Slack workspaces are a collection of public and private channels intended for larger group collaboration inside U-M Slack. Workspace Admins control who has access to join the workspace(s). Once a member has been added to the workspace, they can see and join any public channels and be added to private channels.
Workspaces are good for large units or departments that need five or more channels. For example, a department that wants a channel for every team in their unit or has multiple large distinct projects.
- Any member of U-M Slack can create a workspace.
- It is possible to belong to more than one Slack workspace.
- Direct messages are not workspace-specific, which means Slack members will see all of their direct messages in every workspace to which they belong.

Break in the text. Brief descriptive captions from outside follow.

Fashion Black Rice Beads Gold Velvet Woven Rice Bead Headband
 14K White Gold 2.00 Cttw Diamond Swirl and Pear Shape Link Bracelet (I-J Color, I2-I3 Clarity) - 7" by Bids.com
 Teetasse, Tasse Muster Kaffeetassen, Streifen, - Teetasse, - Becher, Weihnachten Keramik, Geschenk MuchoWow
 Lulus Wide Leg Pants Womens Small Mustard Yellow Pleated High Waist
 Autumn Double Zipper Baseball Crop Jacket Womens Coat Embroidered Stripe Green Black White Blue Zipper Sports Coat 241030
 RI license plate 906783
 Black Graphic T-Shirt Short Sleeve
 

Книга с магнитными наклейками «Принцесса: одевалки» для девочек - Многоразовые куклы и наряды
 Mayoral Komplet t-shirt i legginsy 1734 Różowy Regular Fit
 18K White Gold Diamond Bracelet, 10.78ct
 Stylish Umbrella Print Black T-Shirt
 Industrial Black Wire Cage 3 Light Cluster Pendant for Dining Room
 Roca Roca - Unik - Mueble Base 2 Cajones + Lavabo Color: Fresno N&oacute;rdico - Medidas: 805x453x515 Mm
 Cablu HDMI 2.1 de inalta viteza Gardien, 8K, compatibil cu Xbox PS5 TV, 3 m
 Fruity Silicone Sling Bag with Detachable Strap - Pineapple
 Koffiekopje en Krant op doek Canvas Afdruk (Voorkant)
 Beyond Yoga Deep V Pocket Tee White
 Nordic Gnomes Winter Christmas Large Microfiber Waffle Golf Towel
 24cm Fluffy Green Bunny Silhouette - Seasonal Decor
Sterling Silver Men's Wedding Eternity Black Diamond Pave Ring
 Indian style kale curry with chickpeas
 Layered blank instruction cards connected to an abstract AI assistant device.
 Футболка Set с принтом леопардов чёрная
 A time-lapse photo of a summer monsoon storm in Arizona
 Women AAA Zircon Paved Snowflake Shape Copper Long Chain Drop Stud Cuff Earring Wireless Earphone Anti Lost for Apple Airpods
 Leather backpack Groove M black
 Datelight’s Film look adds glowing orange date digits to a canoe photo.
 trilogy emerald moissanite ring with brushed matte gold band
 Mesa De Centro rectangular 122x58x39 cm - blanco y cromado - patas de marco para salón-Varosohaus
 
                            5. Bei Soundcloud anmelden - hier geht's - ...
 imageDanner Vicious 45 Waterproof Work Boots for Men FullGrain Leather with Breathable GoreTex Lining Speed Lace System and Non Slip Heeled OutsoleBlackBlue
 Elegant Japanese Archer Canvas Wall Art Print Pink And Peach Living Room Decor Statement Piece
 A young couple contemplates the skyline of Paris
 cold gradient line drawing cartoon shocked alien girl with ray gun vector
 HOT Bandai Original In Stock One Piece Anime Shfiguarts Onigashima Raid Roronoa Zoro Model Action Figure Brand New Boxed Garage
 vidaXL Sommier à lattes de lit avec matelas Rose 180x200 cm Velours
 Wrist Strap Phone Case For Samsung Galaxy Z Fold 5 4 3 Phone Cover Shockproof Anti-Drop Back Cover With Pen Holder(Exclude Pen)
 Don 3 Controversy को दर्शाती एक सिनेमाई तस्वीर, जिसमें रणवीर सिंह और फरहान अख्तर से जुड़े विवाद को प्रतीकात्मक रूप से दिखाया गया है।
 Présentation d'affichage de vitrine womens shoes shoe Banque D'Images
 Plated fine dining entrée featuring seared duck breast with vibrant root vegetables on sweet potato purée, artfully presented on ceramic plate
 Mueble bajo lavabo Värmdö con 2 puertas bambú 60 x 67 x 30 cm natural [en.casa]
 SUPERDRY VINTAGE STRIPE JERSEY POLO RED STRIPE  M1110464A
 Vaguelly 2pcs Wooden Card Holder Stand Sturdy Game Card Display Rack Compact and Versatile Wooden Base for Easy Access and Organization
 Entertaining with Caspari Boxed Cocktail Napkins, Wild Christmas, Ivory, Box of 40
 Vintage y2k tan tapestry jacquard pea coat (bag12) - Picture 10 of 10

- Workspace instances are maintained by the creator, but the U-M Slack Org Admins control the organizational-level U-M Slack Grid. Therefore, the overall U-M Slack Grid preferences take priority over workspace preferences.
Slack for Teaching
Slack can be used for synchronous and asynchronous class discussions, student group conversations, and more. One or more private channels in the Maize & Blue Slack workspace or a full private workspace may be appropriate for your instructional toolkit. Refer to Creating U-M Slack Workspaces for more information on creating a Slack workspace for your courses and Create a channel for information on creating a Slack channel for your courses. You can also enable Canvas notifications in U-M Slack.
- You may prefer one or more private channels if:
- You plan to use Slack minimally, such as for one or two discussions.
- You do not plan to create custom Slack emojis (custom emojis are not currently available to create in Maize & Blue).
- You do not plan to use/install apps or integrations with Slack.
- You may prefer to create a workspace if:
- You plan to use Slack robustly, such as for many discussions.
- You plan to create and use custom Slack emojis.
- You plan to install apps or integrations with Slack, such as GitHub, Asana, etc.